Recapping SX-950

gmahoog

New Member
Hi everybody.

I've read through a ton of posts and I'm amazed at all the knowledge here. There is some real interesting reading and I've already learned a lot from you guys in the week I've been lurking here.

I recently fixed a power supply problem and now am thinking of recapping the whole unit. I've searched all over in the Pioneer and Vintage forums, but can't find a cap list for the SX-950. I've seen SX-850, SX-1050 and many others, but the SX-950 just hasn't turned up.

I am hoping that someone could provide me a link to a cap list.

I also noticed that most everyone goes with Nichicon capacitors. Are these superior to other brands or just the best fit?
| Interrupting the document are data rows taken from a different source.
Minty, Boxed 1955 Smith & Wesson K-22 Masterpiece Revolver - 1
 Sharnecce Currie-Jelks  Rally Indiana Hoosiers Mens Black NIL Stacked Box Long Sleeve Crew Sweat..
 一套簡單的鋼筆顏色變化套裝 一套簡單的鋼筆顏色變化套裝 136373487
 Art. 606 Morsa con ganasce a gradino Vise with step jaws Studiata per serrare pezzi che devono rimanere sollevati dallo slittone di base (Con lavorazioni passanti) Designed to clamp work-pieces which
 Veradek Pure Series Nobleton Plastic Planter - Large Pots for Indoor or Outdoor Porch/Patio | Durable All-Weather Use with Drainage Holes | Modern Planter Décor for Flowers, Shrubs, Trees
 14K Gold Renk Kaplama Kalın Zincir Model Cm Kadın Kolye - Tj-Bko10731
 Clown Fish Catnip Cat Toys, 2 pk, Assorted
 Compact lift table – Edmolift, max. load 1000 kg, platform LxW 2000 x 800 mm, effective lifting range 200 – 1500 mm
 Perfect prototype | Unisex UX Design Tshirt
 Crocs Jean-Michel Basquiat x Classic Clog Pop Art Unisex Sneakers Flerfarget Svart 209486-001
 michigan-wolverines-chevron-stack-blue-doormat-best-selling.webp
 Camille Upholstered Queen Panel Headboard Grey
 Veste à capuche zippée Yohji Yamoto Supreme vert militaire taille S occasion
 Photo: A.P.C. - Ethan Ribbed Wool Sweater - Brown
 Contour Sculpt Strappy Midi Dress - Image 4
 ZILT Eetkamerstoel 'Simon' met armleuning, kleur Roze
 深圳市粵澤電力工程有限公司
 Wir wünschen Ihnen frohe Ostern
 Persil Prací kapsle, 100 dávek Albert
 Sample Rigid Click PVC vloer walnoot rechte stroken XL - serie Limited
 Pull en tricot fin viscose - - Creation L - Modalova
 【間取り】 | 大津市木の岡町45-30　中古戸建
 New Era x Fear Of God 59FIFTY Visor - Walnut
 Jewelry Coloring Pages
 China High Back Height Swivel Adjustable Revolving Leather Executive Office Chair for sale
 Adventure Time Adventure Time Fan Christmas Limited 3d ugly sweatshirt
Any help would be greatly appreciated.
 
nichicon's are a good value for the money...and we use the pw series for power supply circuits..and kl for the audio path typically..FWIW I would verify whats in your unit with a service manual and the unit in front of you..then make your own list...best way IMO
 
It is best to make your own cap list for each unit, why don't you take it apart and catalog the parts you are going to replace. Make note of unlabeled tantalum capacitors to look up in the schematics later, and familiarize yourself with the layout of the unit.
I use PM for the power supply (typically) and Nichicon caps in this order based on availability and size (The KZ are big!) KZ, FG, KT, KW, FW.
Panasonic ECQ polyester film caps for caps under 2.2uF
Nichicon is widely available from mouser, but if you want to use Panasonic caps (like FC, FM series) you must order from somewhere like Digikey.
Furthermore, I've found the best sounding caps are Elna Silmic II, and the best place to get those is AK sponsor partsconnexion.com
 
Pioneer SX-950 Recap List

Here is my 950 recap list, hope it helps! It details each cap and its replacement. Also included are the transistors that are known to get noisy in this model and their replacements.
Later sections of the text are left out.